Per qualcuno è il segnale della fine della genomica "pura", quella che affastella dati su dati senza sapere bene cosa farci. La deCODE Genetics di Kari Stefansson, una delle imprese capofila di questo approccio, ha aperto una procudera di fallimento: ha accumulato un debito di 314 milioni di dollari a fronte di un capitale di soli 70 milioni.
Per chi non la conoscesse, la deCODE è l’azienda islandese che è diventata famosa per il suo progetto Health Sector Database (HSD), di raccolta dei dati medici e genetici dell’intera popolazione dell’Islanda: nei suoi database ci sono i dati di 140.000 islandesi (ora in vendita). Negli ultimi anni si era invece lanciata nel settore della genomica personalizzata con il progetto deCODEme: test e screening genomici più o meno low cost per scoprire supposte predisposizioni alle malattie.
"Non abbiamo mai generato profitti", annuncia sconsolato il documento pubblicato da deCODE, che rivela come le sue uniche entrate siano sempre e soltanto state legate a contratti con case farmaceutiche e sovvenzioni.

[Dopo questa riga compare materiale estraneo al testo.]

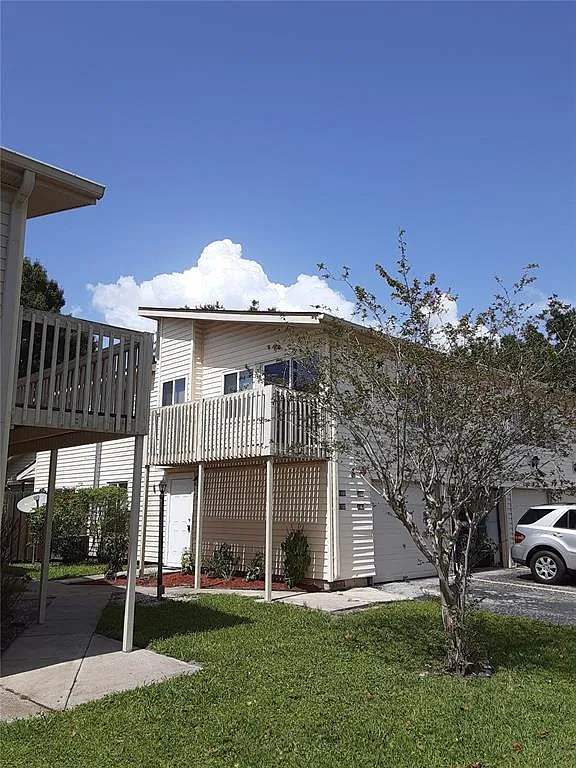 2 bed, 1.0 bath, 924 sqft, $1,500 — Photo 4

Sulle vicende di deCODE c’è un libro molto bello di Mike Fortun, un antropologo americano che ha studiato gli scontri politici avvenuti in Islanda ai tempi del progetto HSD. "Promising genomics, Iceland and deCODE Genetics in a World of Speculation", parla di come una piccola impresa biotecnologica ha fondato le sue fortune, ed è diventata una delle più ricche della storia, basando tutta la sua attività su un’insistente, continua e inarrestabile narrazione sul futuro.

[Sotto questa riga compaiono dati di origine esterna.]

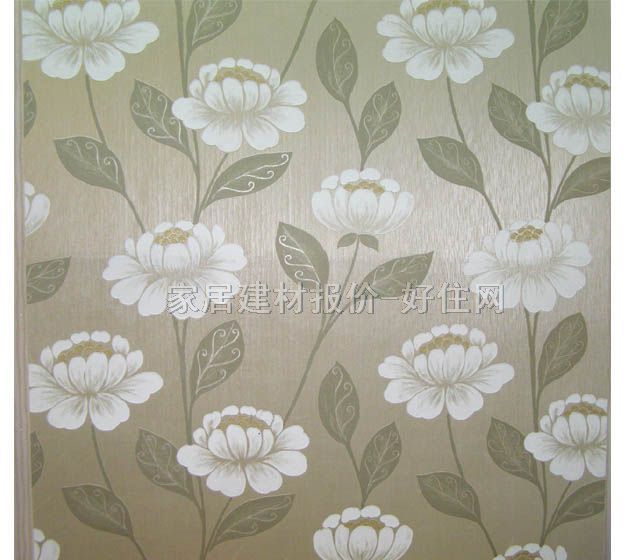 ���� 1.06��15M �� ��ɫ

Crackare i propri geni per conoscere il proprio futuro, per esplorare possibilità inimmaginabili, per curare malattie che ancora non abbiamo. Nel racconto di Furtun la speculazione avveniva di pari passo in due campi: nelle narrazioni sui risultati possibili della genomica e sui listini del Nasdaq, la borsa dei titoli tecnologici. Uno di quei due tipi di speculazione è arrivato al peggior no future possibile, la bancarotta.